Reproduce each line of the following material exactly, omitting the images.

▶ INFORMATION SHOWN:
:::::
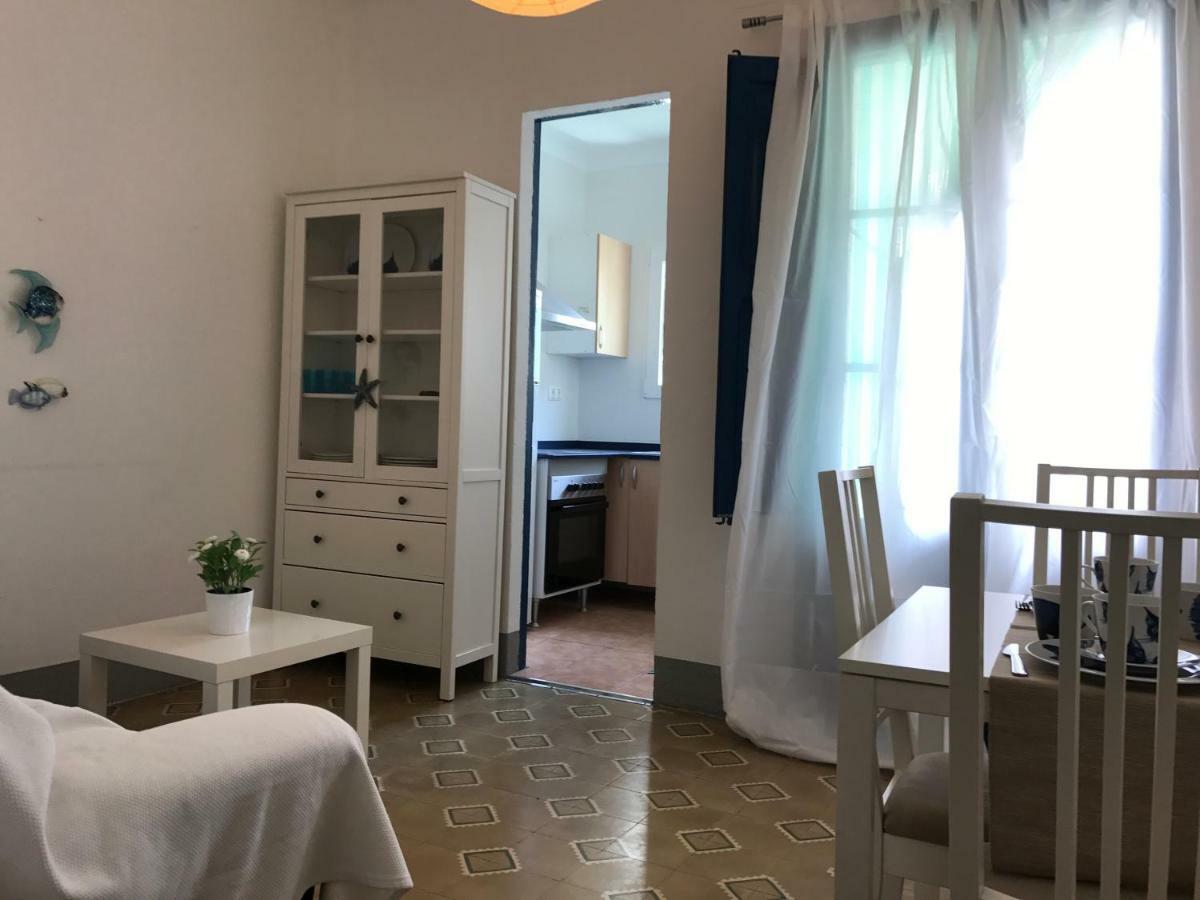 카라펠 Casita De Pescador 아파트 외부 사진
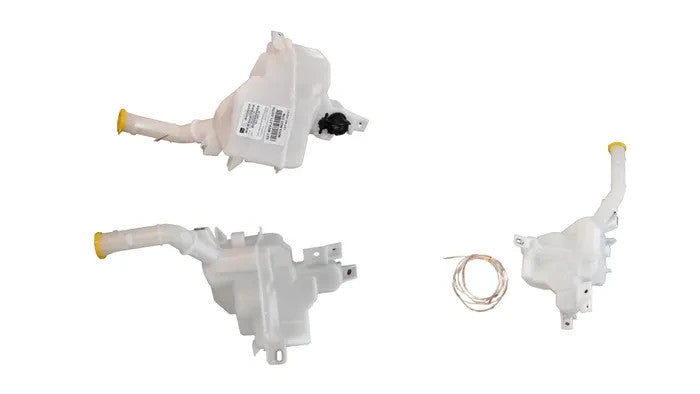 NEW Windscreen Washer Bottle FOR MAZDA 3 BL HATCH 01/2009 ~ 01/2014  WITH MOTOR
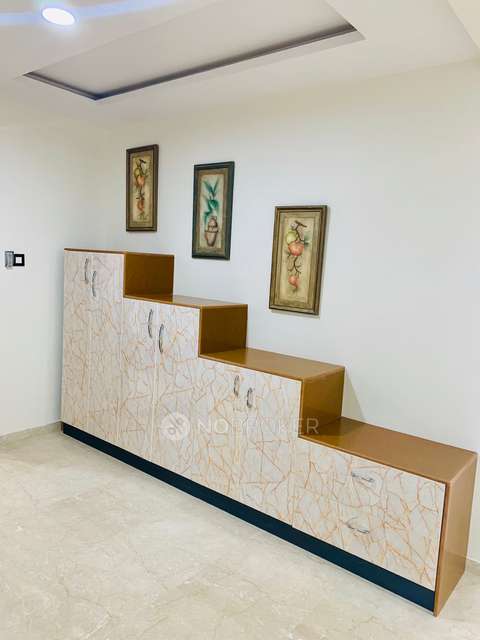 4 BHK Flat In Vamsiram Jyothi Cosmos For Sale  In Whitefields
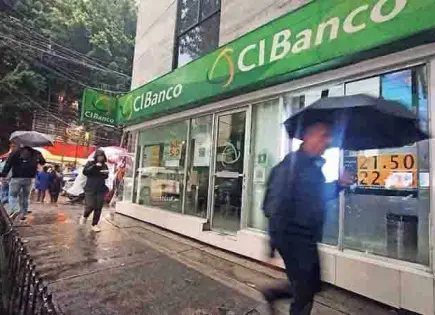 Urge reforzar confianza en el sector financiero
:::::
▶ EXERCISE SOLUTION:
 카라펠 Casita De Pescador 아파트 외부 사진
 NEW Windscreen Washer Bottle FOR MAZDA 3 BL HATCH 01/2009 ~ 01/2014  WITH MOTOR
 4 BHK Flat In Vamsiram Jyothi Cosmos For Sale  In Whitefields
 Urge reforzar confianza en el sector financiero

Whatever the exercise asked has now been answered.